All the capacities and volumes in the previous slides are nice. However, they are not what is really used if you go for your first round of pulmonary function tests. If you are asked to breathe through a spirometer, one volume and one rate will be measured.  Take in a really deep breath and blow it out as fast as you can.  Now do that by blowing out your breath through one of those red cocktail straws. These straws are meant for mixing, not drinking.  Ahhhhh, you might be able to blow out the same volume of air both times. However, you will do it at different rates. Beathing normally, you could probably exhale a pretty big volume of air in the first second of your exhale.  Through the cocktail straw, you’d blow out considerably less air in that first second. 

Measuring what you can exhale in the first second can help us measure restrictive diseases such as bronchitis and asthma.  These disease affect the conducting system, not the lungs.  As in the patient in our case study, he is young, healthy, and an athlete. There is nothing wrong with his lungs.  But, he has asthma.  So, if his asthma is active, he can expel the same volume of air. However, it will take him a long time to do it.  This leads us to the measurement that is most useful in asthma: the FEV or the forced expiratory volume.  We may choose to measure this volume in the first second of exhale.  In that case, we’d call it the FEV1.  If I wanted to measure the amount in 2 seconds, it’d be the FEV2, and so on. 

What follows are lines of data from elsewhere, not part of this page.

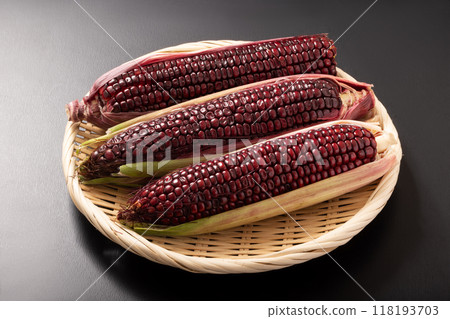 Yamato Rouge Red Sweet Corn Yamato Rouge Red Sweet Corn 118193703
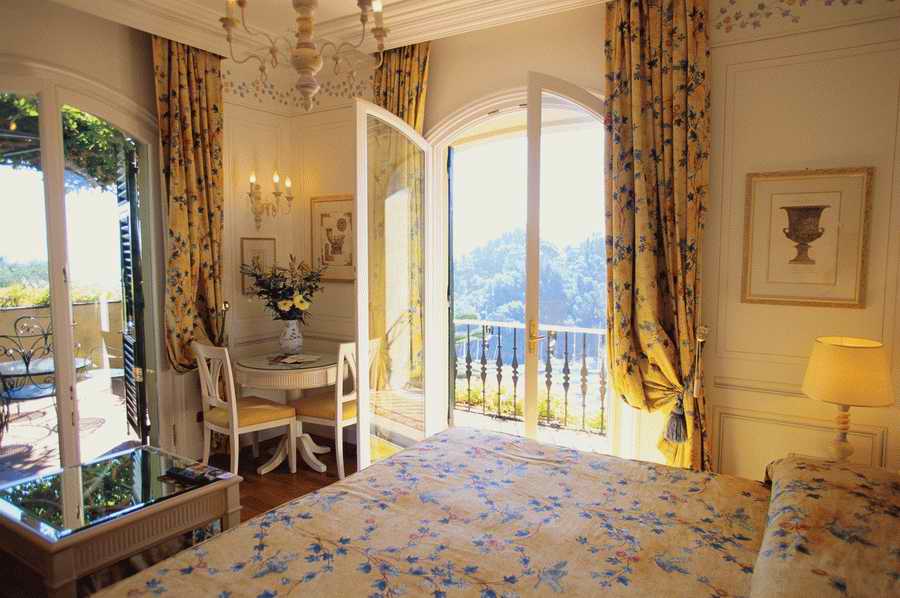 Interior 1 - Corbis Online ></a>
<script language=JavaScript> 
  var txt = 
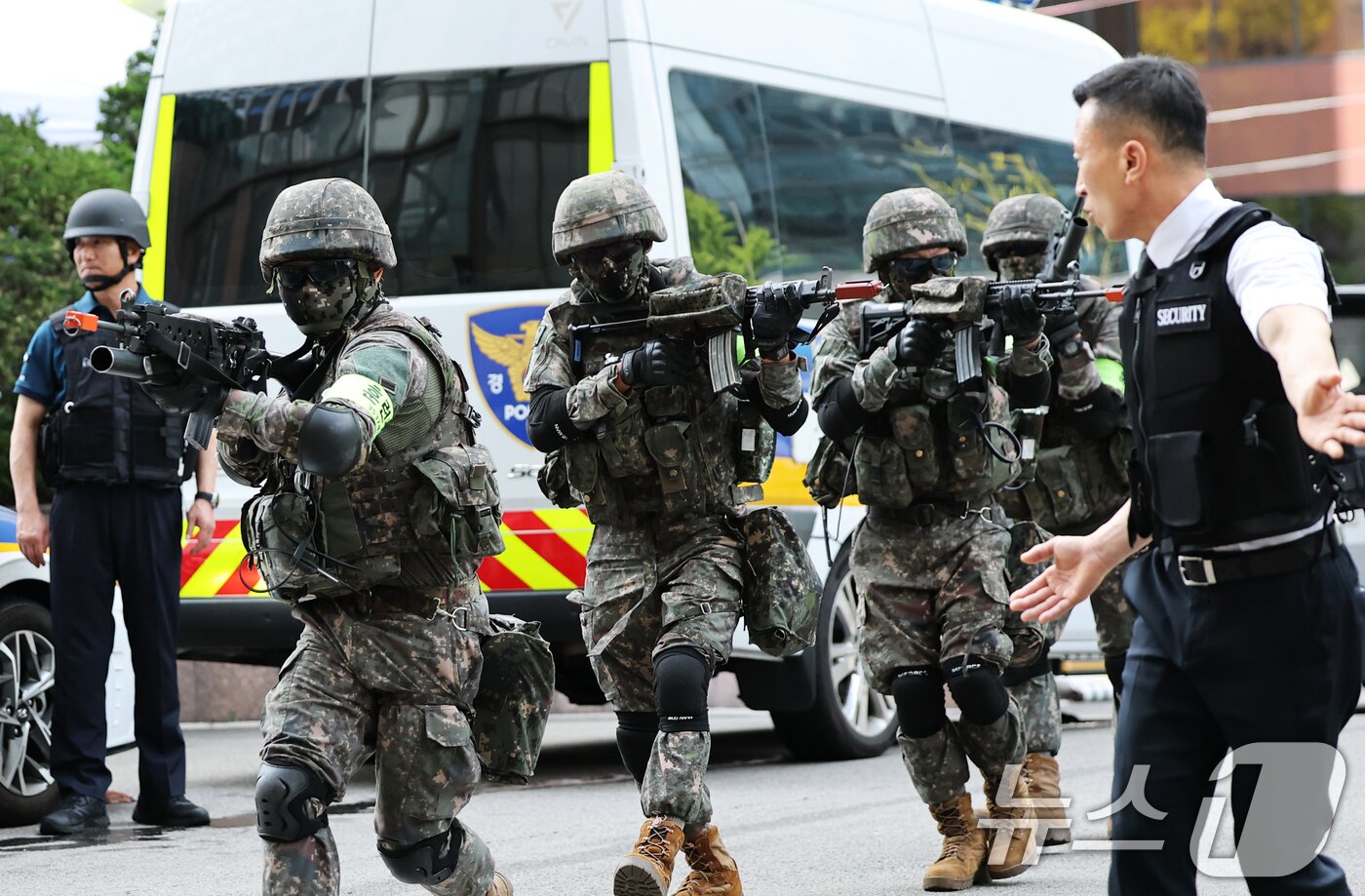 본문 이미지 - 19일 오후 서울 중구 롯데호텔에서 열린 &#39;을지연습 연계 통합방위 능력향상을 위한 관계기관 합동훈련&#39;에서 군 병력이 드론을 이용한 테러 공격 상황을 가정해 훈련하고 있다. 2025.8.19/뉴스1 ⓒ News1 오대일 기자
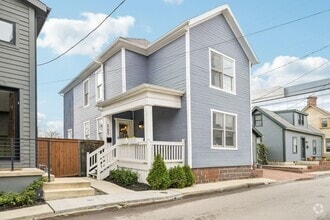 Building Photo - 565 Lathrop St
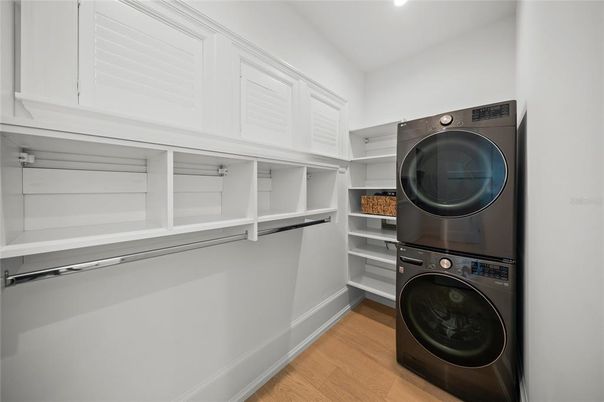 Interior, Recessed Lighting, Utility Closets, Washer, Wood Texture Flooring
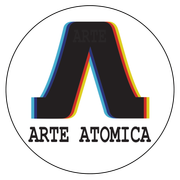 Un logo circolare con una lettera "A" nera e stilizzata, con contorni blu, gialli e rossi. Il testo sottostante recita "ARTE ATOMICA".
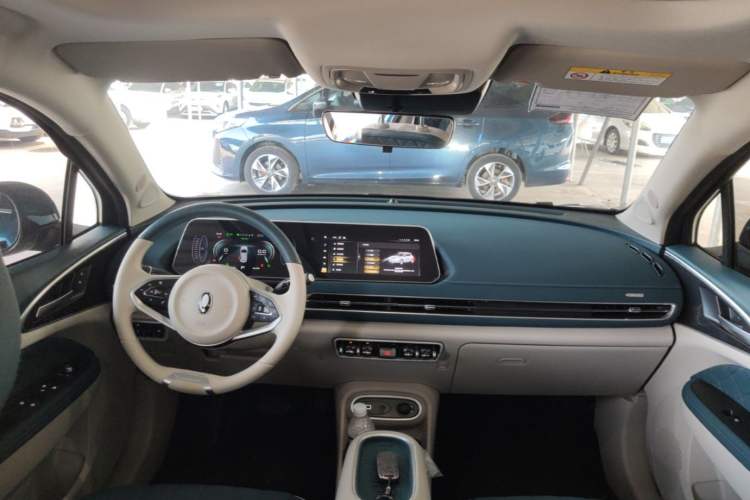 Used ORA Good Cat 2023 401 km Standard Range Luxury Version Ternary Lithium Center Console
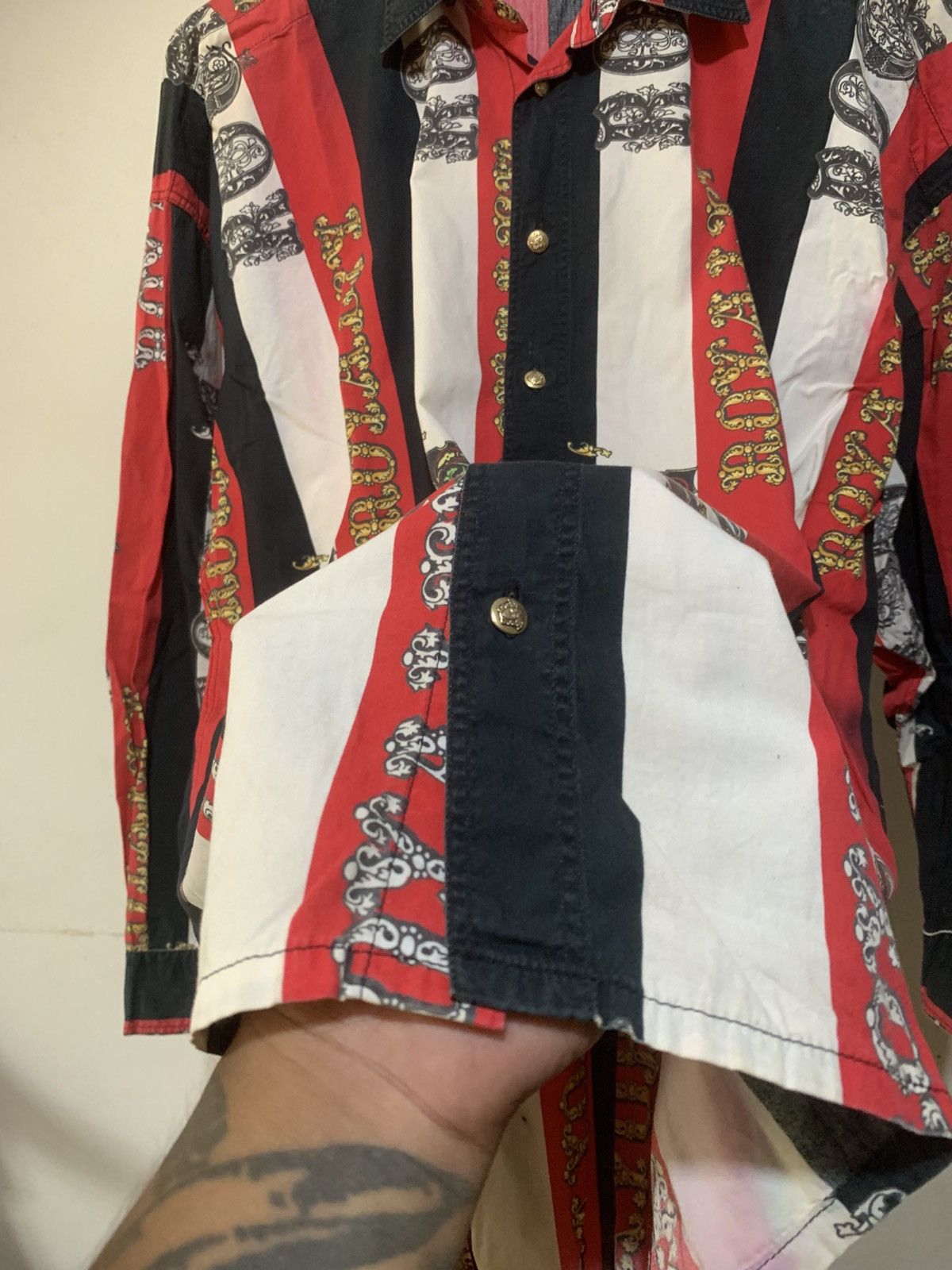 Versace VINTAGE GIANNI VERSACE AOP SHIRT Size US M / EU 48-50 / 2 - 4 Thumbnail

For a patient with asthma, their FVC might not be different when the condition is active. It might also remain the same when it’s not active.  The FVC won’t change because their lungs are not affected by asthma.  The amount of air they can expel in the first second is significantly reduced. This is especially true for a patient with asthma. 

OK, so if I just measure your FEV1, my FEV1, and our case study patient’s FEV1, I can compare them. No. If you want to use FEV1, you have to express it as a proportion of the FVC. 

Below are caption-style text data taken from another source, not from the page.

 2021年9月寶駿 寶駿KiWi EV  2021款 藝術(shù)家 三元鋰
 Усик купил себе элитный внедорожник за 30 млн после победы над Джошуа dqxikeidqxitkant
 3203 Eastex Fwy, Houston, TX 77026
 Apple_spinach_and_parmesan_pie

Example here to determine why it is that you cannot just compare Fe V1 across patients. Let’s say that we have three people one weighing 100 lbs one weighing 200 lbs and one weighing 300 lbs. The person weighing 100 lbs loses 10 lbs or 10% of their weight. The person weighing 300 lbs also loses 10 lbs which is only 3% of their body weight. So both of my patients here lost 10 lbs. However, in terms of the proportion of body weight, they lost 10% and 3%. This difference is very significant. The FEV1 has to be put into a percentage to make a comparison.  We do this by dividing FEV1 by the FVC.  This gives us a proportion we can work with.

Diseases

Ya know what, I really hate these two terms classifying pulmonary diseases.  I just feel like it is the opposite.  Let me explain.

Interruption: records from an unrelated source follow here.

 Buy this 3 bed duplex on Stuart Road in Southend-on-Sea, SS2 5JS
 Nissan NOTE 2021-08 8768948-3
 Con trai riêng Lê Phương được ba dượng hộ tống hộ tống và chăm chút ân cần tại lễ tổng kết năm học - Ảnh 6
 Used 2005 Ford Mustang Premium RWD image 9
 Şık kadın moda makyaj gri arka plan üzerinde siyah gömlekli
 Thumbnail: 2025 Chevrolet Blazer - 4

Restrictive diseases are ones that restrict the rate at which you can inhale or exhale, forcibly or not.  Anything that would be like blowing through a straw is a restrictive disease.

Obstructive diseases are ones that obstruct the ability of the lung to use total lung capacity.  Diseases that damage or fill in the lung’s surface area fall into this category. Diseases that affect lung compliance are also included.

Am I wrong?  Does the term obstructive feel more like, “Your 3-year-old swallowed a toy and has an airway obstruction.”  The term restrictive feels more like this. “Your chest is restricted from reaching full capacity. There is a 10 pound cat on your chest.” 

Despite my inability to keep the term straight, they both produce very different curves on this graph.  Remember, they key is that we have to compare FEV1/FVC.  Comparing the FVCs won’t help, and comparing the FEV1s kinda helps.  We have to calculate FEV1/FVC to make a true comparison across individuals. This also applies across an untreated patient and a treated patient.

Exercise Induced Asthma

As with our patient in the case study, his FEV1/FVC is very low. It is significantly worse compared to what he can do with that inhaler.  We can calculate this ratio and compare it for the spirometry data before and after his albuterol inhaler.  Now, his trachea and bronchi are wide open and he achieves FEV1 much more quickly AND it is also higher.  He can blow out more air, more quickly after the albuterol treatment.